Iran’s Shahed drones, in production since 2013, has been widely reported to have a Rotax 914 engine. A decade ago, there were reports that Iran had copied aspects of a US drone it had shot down.
Quebec-based Bombardier Recreational Products (BRP) expressed surprise that engines made by Rotax, its Austrian subsidiary, were reportedly found in Iranian-made drones shot down in Ukraine. The company’s logo has featured in photographs of drone wreckage. While Rotax engines are used in snowmobiles, watercraft and civilian airlines, they also figure in the United States MQ-1 Predator drone, Israel’s Heron drones, and some Russian drones. Drone output has surged in the Middle East in recent years, with the main producers Israel and Turkey.

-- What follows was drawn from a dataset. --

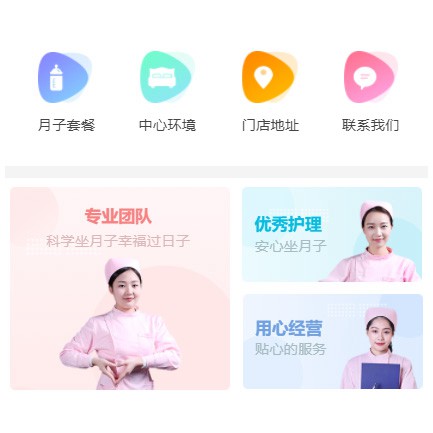 徐汇月子生活馆小程序开发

After a Rotax engine was apparently found in a Mohajar-6 drone shot down by Ukrainian forces and displayed on CNN in October, BRP stated October 21 it had not given authorization to distributors to “supply military UAV manufacturers in Iran or Russia.”
In January, the BRP, best known for water-skis and snowmobiles, said it has established through a “thorough investigation” set up three months ago that an engine found in a Mohajer-6 drone had not been sold directly to either Iran or Russia. Bombardier ended supplies of the engines to Iran in 2019, although the Mahtabal company in Tehran still markets itself as the official representative for Rotax engines. The date – 2019 – suggests this was a response to the United States 2018 introduction of ‘maximum pressure’ sanctions that threatened punitive action against third parties dealing with Iran. The engines, made primarily for recreational use, would not have been covered by a partial United Nations arms embargo on Iran that expired October in October 2020.
In early-February, dozens of US lawmakers wrote to President Joe Biden to express concerns about reports that Iranian-made drones recovered in Ukraine contain parts manufactured in the United States.
Later in the month, Axios quoted two EU officials as saying that the European Union is expected to impose sanctions on seven entities connected to the IRGC that the bloc believes are involved in the delivery of drones to Russia.
About the same time, the Biden administration expressed concerns about the support countries like Iran and North Korea provide to Russia to supply embargoed goods like microchips. Thea Candler, the Assistant Secretary of Commerce for Export Administration said, “Russia has turned to other countries, if you can imagine the partners of Iran and North Korea, to fill certain gaps in their purchases that have been created by the fact that our products are leaving the Russian market.” Moreover, the United Kingdom has submitted evidence to the UN showing that the IRGC is violating Security Council resolutions. Sources in Tehran told the Guardian last week that Iran used boats and a state-owned airline to smuggle new types of advanced long-range armed drones to Russia.